SF: You describe Emaciator's early intentions as "anonymity and early industrial / power electronics", as opposed to present intentions of "progression; evolution; hybrids; drone / meditation, etc..." What has influenced you into thinking differently about your art in this time of transition?
JB: After a while I realized it was dumb, immature, and regressive for me to be playing any sort of variation on the dead horse of 'power electronics.' I wanted to do something with lasting depth, while also suggesting progress; it just began to happen naturally.
About four years ago you released a cassette on Josh Rose's rundownsun label and you've also collaborated with Sam Mckinlay in the supergroup Black Air. How were these Vancouver connections spawned and how boundless is your relationship with the city?
Unfortunately I haven't had any contact with Sam or Josh for a while now; they're both good guys, though, and Sam is one of few people left incorporating great ideas into 'the harsh noise object.' I think I met both of them through the usual channels of mutual appreciation, trading, etc. I've been to Vancouver a few times and have always had a good experience within the city. I definitely need to go back sometime.
You've performed live extensively through the east and west coasts of the US. What has been your experience with the live setting? Any interesting stories while on tour?
I go back and forth with this -- sometimes I like it, sometimes I don't; there are a lot of factors that vary from one show to another. It took me a long time to embrace the uncertainty and accept the fact that the live set is never perfect. However, I will always be most comfortable in the studio.
As for tour stories: getting verbally berated as 'performance art' in front of a crowd in Minneapolis just for doing something that someone else didn't agree with is the experience that best stands out.
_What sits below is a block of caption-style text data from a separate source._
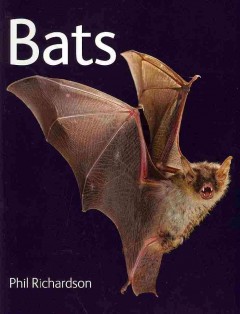 Bats  Cover Image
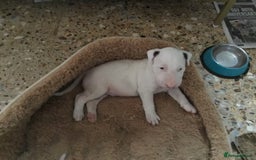 English Bull Terrier dogs for sale: English bull terrier  - Image 14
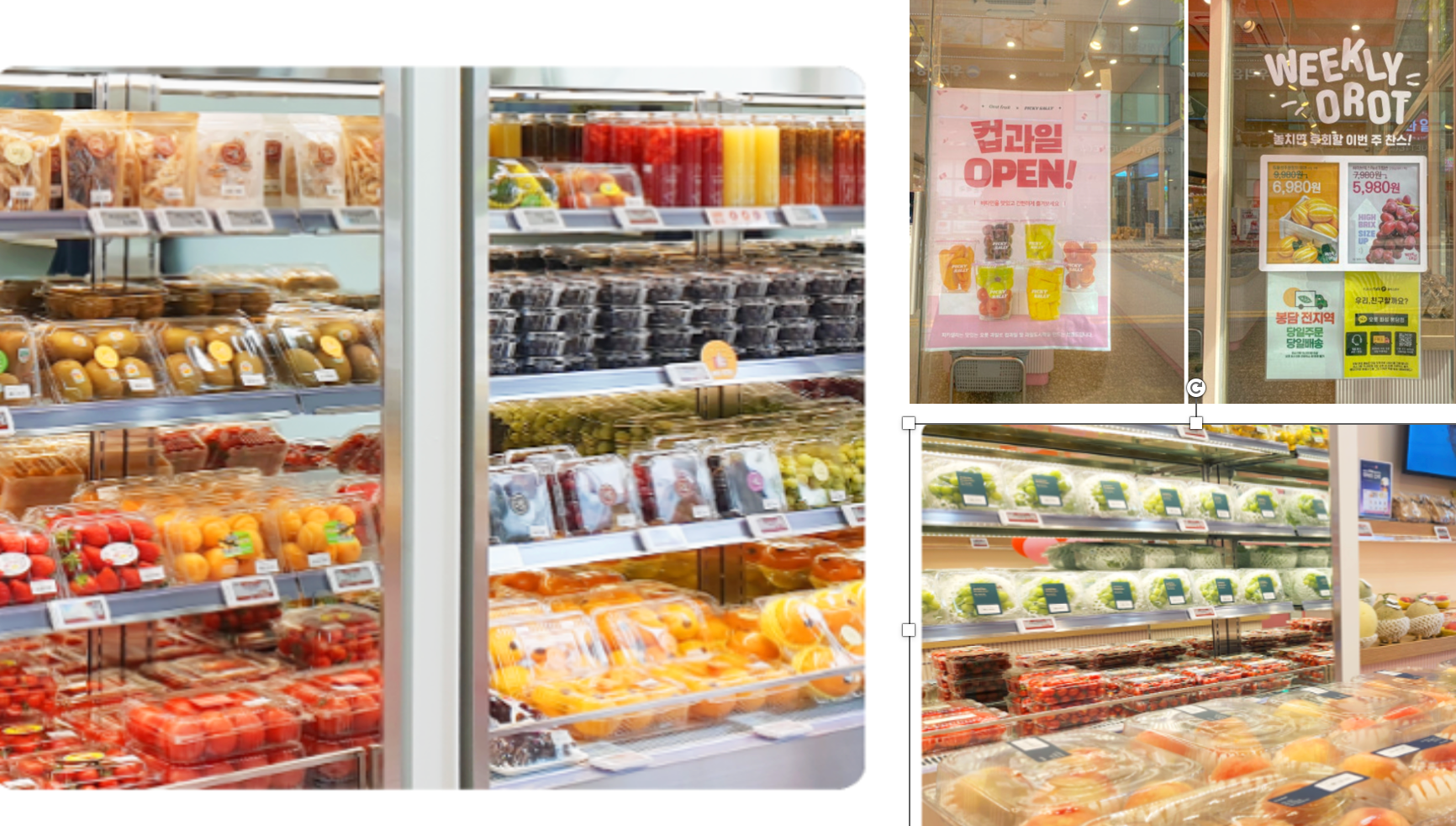 오롯 창업 비용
Too bad I didn't get to join the fight that erupted.
Of the growing number of Emaciator satellite projects, your collaboration with Shannon Kennedy is no doubt perennial. What has made Pedestrian Deposit a lasting musical force?
Stubbornness, possibly. I don't think I can accurately answer this question. With that said, though, P.D. is the only project I'm interested in doing at this point; both of us are very interested in combining hybrids from several genres of music that influence us. I view my other projects as examinations into specific interests; very streamlined, more temporary for one reason or another.
Almost all of your releases, including those you release on your own label, are cassettes. What draws you to the analog format? Do you feel as though tapes make as much of a lasting impact as other formats?
When I started, it was a matter of financial convenience to do tapes. I also wanted to push the format into uncharted territory distribution-wise, but that was unsuccessful. Now, it is obsession -- I probably listen to cassettes more often than any other format, and have for years.
I certainly hope that tapes have some sort of a lasting impact, as they do for me. But some people cannot be changed. It frustrates me when more traditionally-minded people view tape releases as 'temporary.' CD-r's strike me as temporary, and downloads even more so. This is part of my goal with Monorail, to change this mindset -- and I will continue to strive for it.